Biden Proceeding With Trump’s Controversial $23.4 Billion Arms Deal To United Arab Emirates
US President Joe Biden is going ahead with a controversial $23.4 billion arms deal to the United Arab Emirates (UAE), originally pushed by Donald Trump.
The deal, which would see the the sales of an advanced F-35 aircraft, armed drones, bombs, missiles and other equipment, was put under review when the Biden administration came to power.
In November last year, the Trump administration had approved deals with the UAE linked to the Abraham Accords, intended to smooth out the country’s relationship with Israel.
As reported by Reuters, the multi-billion-dollar package also includes products from General Atomics, Lockheed Martin Corp and Raytheon Technologies Corp, such as 50 F-35 Lighting II aircraft, up to 18 MQ-9B Unmanned Aerial Systems and a package of air-to-air and air-to-ground munitions.
A State Department spokesperson confirmed the deals, telling the outlet they’re going ahead ‘even as we continue reviewing details and consulting with Emirati officials’ with regards to how the weapons will be used.
The news was also confirmed via The Huffington Post, which received a statement from the New York Centre for Foreign Policy Affairs (NYCFPA) amid its lawsuit against the sale of F-35 aircraft.
A spokesperson said, ‘While we will not comment on ongoing litigation, we can confirm that that the Administration intends to move forward with these proposed defense sales to the UAE, even as we continue reviewing details and consulting with Emirati officials to ensure we have developed mutual understandings with respect to Emirati obligations before, during, and after delivery.’
Justin Russell, who’s part of the NYCFPA, also said, ‘We believe that the Trump administration put this deal together in an illegal manner. It is our hope that the Biden administration would put mitigating a humanitarian crisis of global proportions before putting arms in the hands of an aggressor nation like the UAE.’

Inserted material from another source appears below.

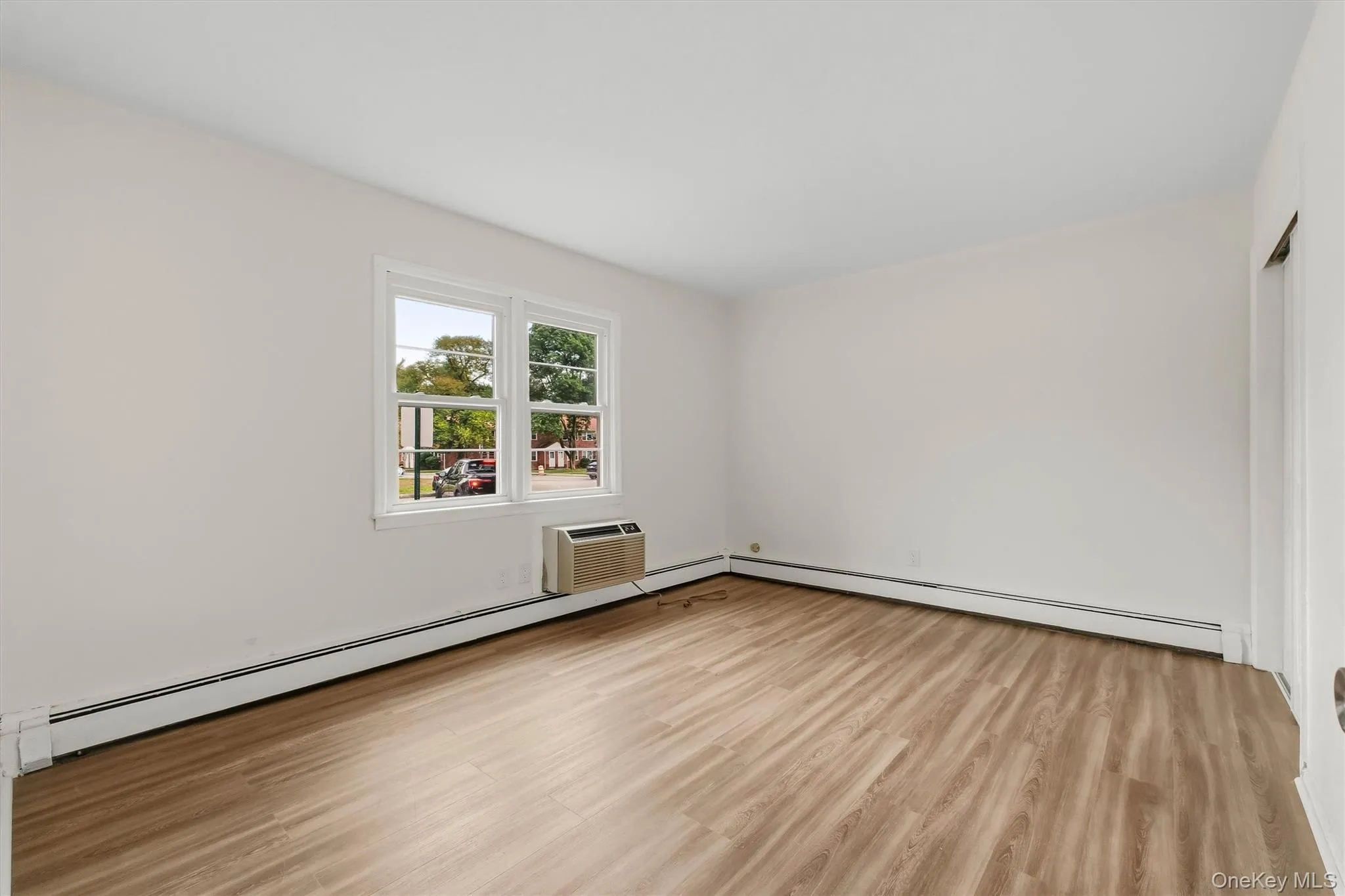 2710 South Road, Poughkeepsie, NY, 2 Bedrooms Bedrooms, 5 Rooms Rooms,1 BathroomBathrooms,Residential,For Rent,South,0,1051150 2710 South Road, Poughkeepsie, NY, 2 Bedrooms Bedrooms, 5 Rooms Rooms,1 BathroomBathrooms,Residential,For Rent,South,0,1051150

It’s estimated that if the deals are fully agreed upon and completed, the weapons will be delivered to the UAE in 2025, at the earliest. In the meantime, the US government expects a ‘robust and sustained dialogue with the UAE to [ensure] any defense transfers meet our mutual strategic objectives to build a stronger, interoperable, and more capable security partnership’.
The government’s statement added, ‘We will also continue to reinforce with the UAE and all recipients of US defense articles and services that US-origin defense equipment must be adequately secured and used in a manner that respects human rights and fully complies with the laws of armed conflict.’